Data excerpts
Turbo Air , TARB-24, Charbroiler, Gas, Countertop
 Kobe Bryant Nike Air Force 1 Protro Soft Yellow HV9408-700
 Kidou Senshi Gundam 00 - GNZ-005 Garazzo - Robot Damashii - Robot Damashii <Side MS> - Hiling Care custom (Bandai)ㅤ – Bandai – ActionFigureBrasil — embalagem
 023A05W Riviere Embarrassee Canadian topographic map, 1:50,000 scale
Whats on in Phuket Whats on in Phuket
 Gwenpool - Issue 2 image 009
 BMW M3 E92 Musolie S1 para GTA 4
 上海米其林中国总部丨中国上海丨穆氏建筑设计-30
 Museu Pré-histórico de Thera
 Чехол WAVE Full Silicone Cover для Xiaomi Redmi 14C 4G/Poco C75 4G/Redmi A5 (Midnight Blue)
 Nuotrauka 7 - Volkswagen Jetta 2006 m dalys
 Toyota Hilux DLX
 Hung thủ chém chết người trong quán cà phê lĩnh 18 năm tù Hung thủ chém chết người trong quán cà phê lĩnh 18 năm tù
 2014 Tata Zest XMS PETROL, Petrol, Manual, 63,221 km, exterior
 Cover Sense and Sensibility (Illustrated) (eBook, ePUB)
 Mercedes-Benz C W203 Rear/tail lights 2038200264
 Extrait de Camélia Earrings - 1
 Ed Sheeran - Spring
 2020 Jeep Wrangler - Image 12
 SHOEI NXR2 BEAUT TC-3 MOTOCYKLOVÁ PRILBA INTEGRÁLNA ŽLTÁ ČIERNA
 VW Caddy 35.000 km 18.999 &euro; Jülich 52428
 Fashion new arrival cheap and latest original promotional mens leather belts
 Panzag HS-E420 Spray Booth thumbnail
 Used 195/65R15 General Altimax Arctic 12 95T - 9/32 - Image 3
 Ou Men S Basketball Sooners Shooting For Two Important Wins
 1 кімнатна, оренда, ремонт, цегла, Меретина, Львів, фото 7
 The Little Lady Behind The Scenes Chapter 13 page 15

■ TASK ■
Reproduce the records above exactly, starting with the line that contains "Чехол WAVE Full" and ending with the last line.

■ OUTPUT OF THE TASK ■
 Чехол WAVE Full Silicone Cover для Xiaomi Redmi 14C 4G/Poco C75 4G/Redmi A5 (Midnight Blue)
 Nuotrauka 7 - Volkswagen Jetta 2006 m dalys
 Toyota Hilux DLX
 Hung thủ chém chết người trong quán cà phê lĩnh 18 năm tù Hung thủ chém chết người trong quán cà phê lĩnh 18 năm tù
 2014 Tata Zest XMS PETROL, Petrol, Manual, 63,221 km, exterior
 Cover Sense and Sensibility (Illustrated) (eBook, ePUB)
 Mercedes-Benz C W203 Rear/tail lights 2038200264
 Extrait de Camélia Earrings - 1
 Ed Sheeran - Spring
 2020 Jeep Wrangler - Image 12
 SHOEI NXR2 BEAUT TC-3 MOTOCYKLOVÁ PRILBA INTEGRÁLNA ŽLTÁ ČIERNA
 VW Caddy 35.000 km 18.999 &euro; Jülich 52428
 Fashion new arrival cheap and latest original promotional mens leather belts
 Panzag HS-E420 Spray Booth thumbnail
 Used 195/65R15 General Altimax Arctic 12 95T - 9/32 - Image 3
 Ou Men S Basketball Sooners Shooting For Two Important Wins
 1 кімнатна, оренда, ремонт, цегла, Меретина, Львів, фото 7
 The Little Lady Behind The Scenes Chapter 13 page 15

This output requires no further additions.